I agree that trans individuals feel at odds with stereotypical gender expectations. But I do believe that because the gender gap has and continues to narrow in terms of the workforce and home life responsibilities, the gender stereotypes are losing their strengths, even though I suppose we'll always have them to a degree in some socio-economic contexts.

This, together with the internet's ubiquity, does make it easier for people who don't feel at ease within the gender binary to branch out. But, I disagree that gender dysphorics are being prevented from exploring and then determining who they are. This may have been true a generation or more ago, but I don't think it is the case any more since the stereotypes in terms of what men and women can do at work and at home have all but disappeared.
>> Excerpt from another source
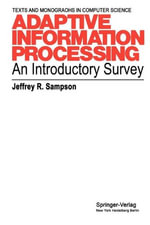 Adaptive Information Processing : An Introductory Survey - Jeffrey R. Sampson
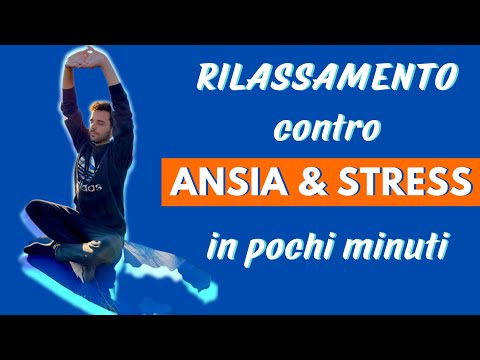 Relaxation against Anxiety and Stress in A FEW MINUTES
The gender dysphorics certainly don't feel completely free to express themselves in the mainstream (although even this is improving), since it doesn't look as if the narrowing gender gap will affect how people wish to present (in other words, men who are single dads will not want to start wearing dresses), but hopefully CDs are not forcing themselves into denial to the same degree they did 40 or 50 years ago.

I'm not dismissing the trauma that CDs and pre-stealth TSs experience in their life choices. I'm just saying that I doubt there are scores of gender dysphorics waiting in the wings for the opportunities to explore who they are and that sometime in the future we will discover that say half or even one tenth of the men in our society will wish to present as women.